# 2008 Marz Launch Pics



## fakewade (Oct 9, 2004)

Some pics from the 2008 launch :thumbsup:

http://www.orme.tv/PORTFolio/marzocchi/index2.html


----------



## captain spaulding (May 7, 2006)

The new crowns look very fox-esque with a Marzocchi M twist..

Is that a Maxle on the 55?


----------



## tacubaya (Jan 27, 2006)

Yep, all of them has maxle-type except the 88 series


Anyone noticed the big red knob sticking out on the lower of the 888? that is asking for trouble...


----------



## paintballeerXC (Jun 9, 2005)

nice, is it true, is it in Italy??


----------



## skankinpickle (Jan 17, 2007)

paintballeerXC said:


> nice, is it true, is it in Italy??


Durrrr.... say the name.


----------



## paintballeerXC (Jun 9, 2005)

skankinpickle said:


> Durrrr.... say the name.


ooo, when does it end?


----------



## mothahucker (Feb 6, 2006)

tacubaya said:


> Anyone noticed the big red knob sticking out on the lower of the 888? that is asking for trouble...


meh. the 2006 and (I believe) 2007 models had a similar knob. lots of people did break them off, but I personally never had a problem with that. the little [email protected] does tend to fall off though.

Those new forks look hella tight. except for the graphics--definately not a fan of 'em.


----------



## xKREDx (Aug 8, 2006)

not a real big fan of them graphics myself


----------



## tacubaya (Jan 27, 2006)

mothahucker said:


> meh. the 2006 and (I believe) 2007 models had a similar knob. lots of people did break them off, but I personally never had a problem with that. the little [email protected] does tend to fall off though.
> 
> Those new forks look hella tight. except for the graphics--definately not a fan of 'em.

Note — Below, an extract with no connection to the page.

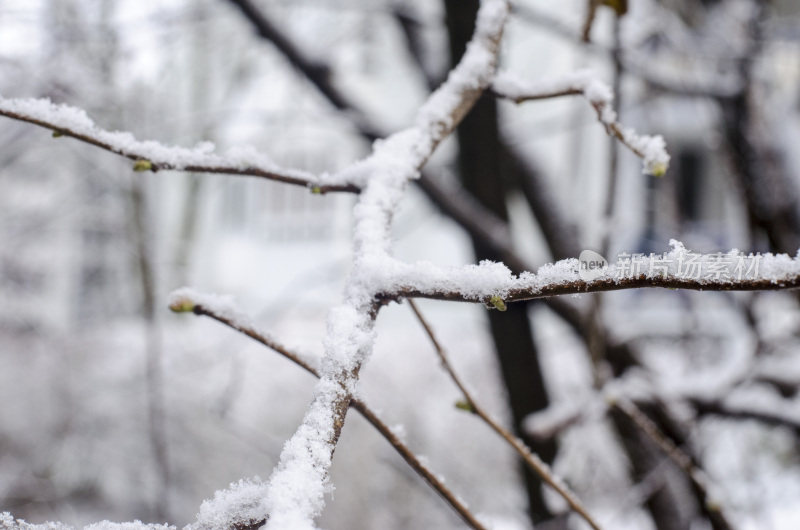 冰雪覆盖的冬季树木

I know that, I have a Marzocchi 66, but that knob looks more exposed than 2006 and 2007 compression knob, I would have thought they saw the vulnerability and fixed it but I guess they are retarded


----------



## gwillywish (Jul 1, 2005)

why not just make it removeable like rockshox did, carry a 3 mm wrench and you got it you know


----------



## tacubaya (Jan 27, 2006)

Why not make it like the knob on the other side? Flat and small, and then it can get some cover with the axle pinch bolt area


----------



## suicidebomber (Feb 10, 2007)

There is is still a faint trace of the "M-arch" in there...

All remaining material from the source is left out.